In your copy, leave out the pictures; write out all the data exactly.

» **DATASET EXCERPT**
══════════

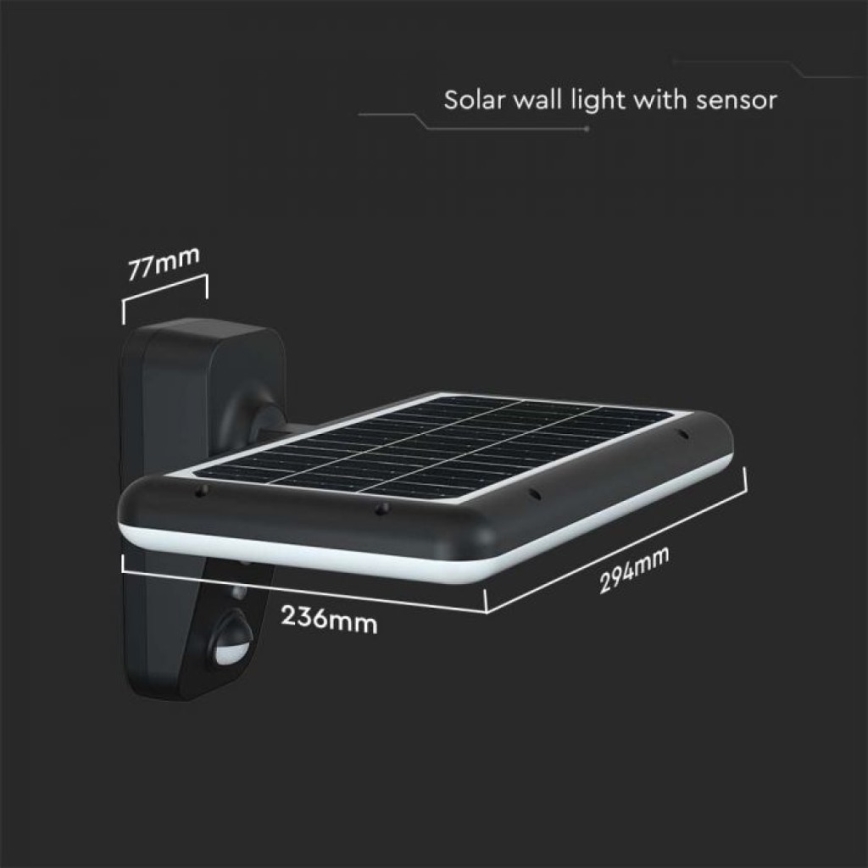 Lampada da parete solare LED con sensore LED/15W/3,2V 4000K/6000K IP65 6000 mAh nero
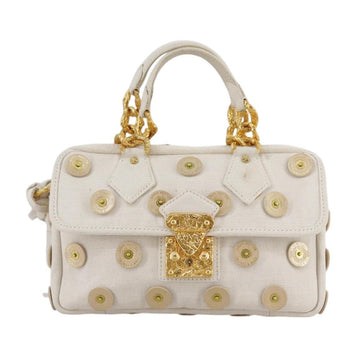 White Canvas Louis Vuitton Handbag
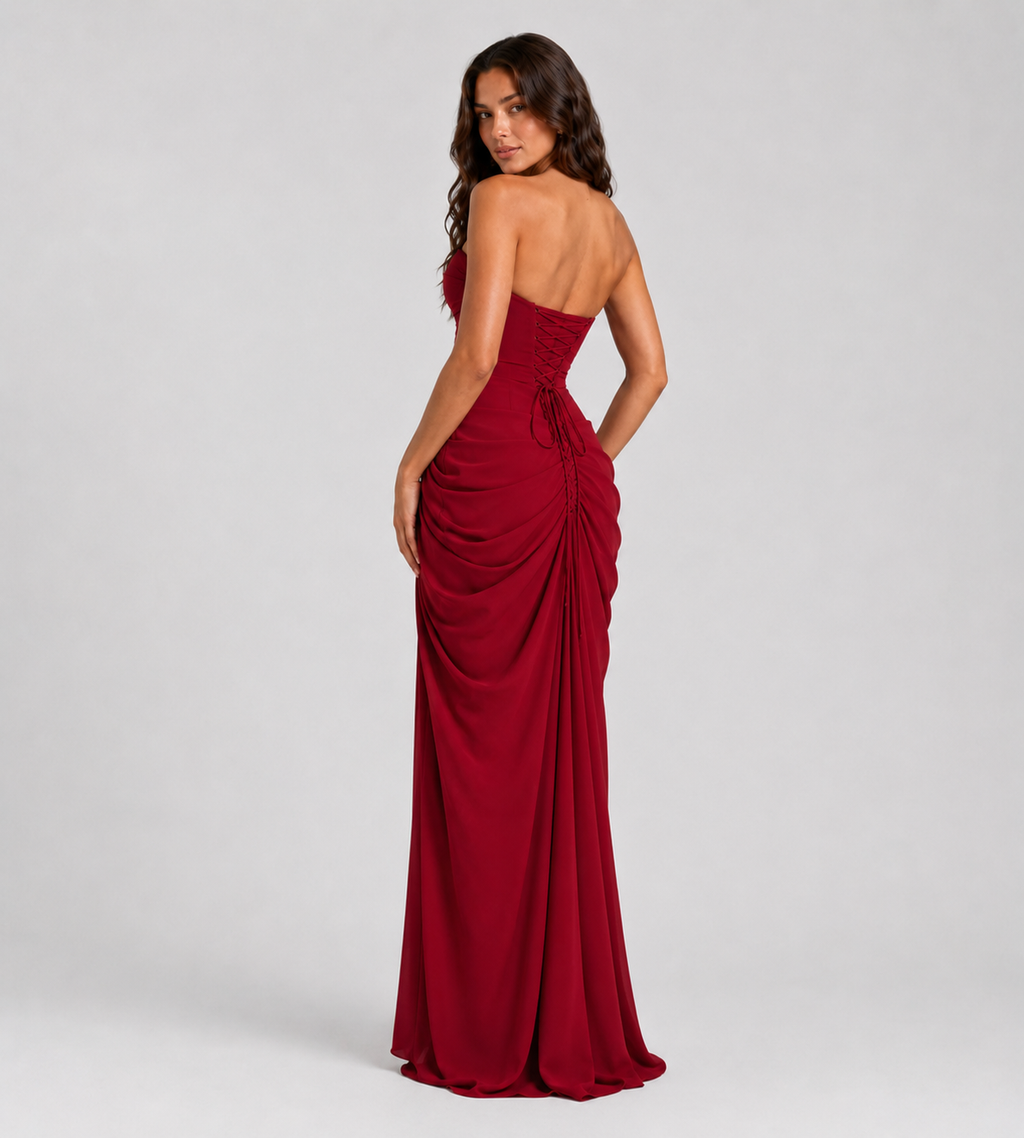 Strapless Draped Slit Maxi Dress - Red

══════════

» **SOLUTION**
 Lampada da parete solare LED con sensore LED/15W/3,2V 4000K/6000K IP65 6000 mAh nero
 White Canvas Louis Vuitton Handbag
 Strapless Draped Slit Maxi Dress - Red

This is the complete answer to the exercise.